##### DATA EXCERPT
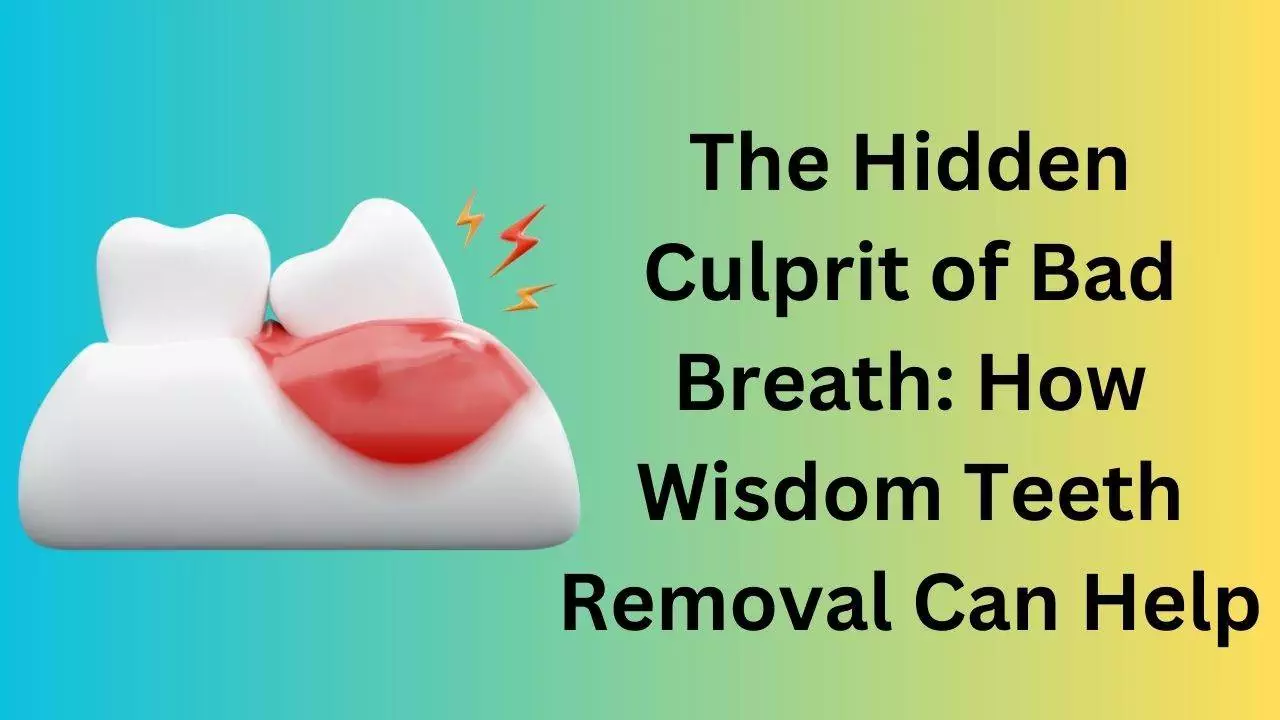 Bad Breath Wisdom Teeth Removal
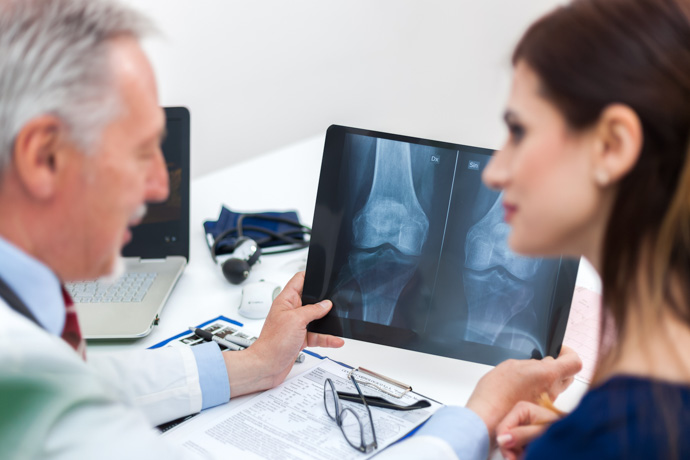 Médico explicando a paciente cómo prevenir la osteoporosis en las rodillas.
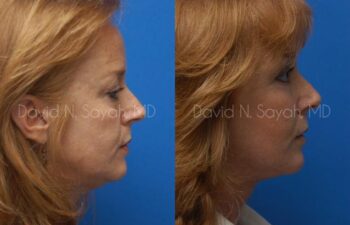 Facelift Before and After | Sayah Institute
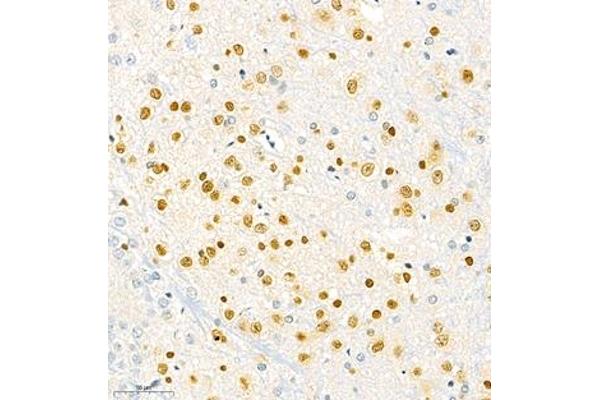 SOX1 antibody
##########
_INSTRUCTIONS FOR THE TASK_
Could you give the material above again, exactly and without its pictures?

_PROBLEM SOLUTION_
 Bad Breath Wisdom Teeth Removal
 Médico explicando a paciente cómo prevenir la osteoporosis en las rodillas.
 Facelift Before and After | Sayah Institute
 SOX1 antibody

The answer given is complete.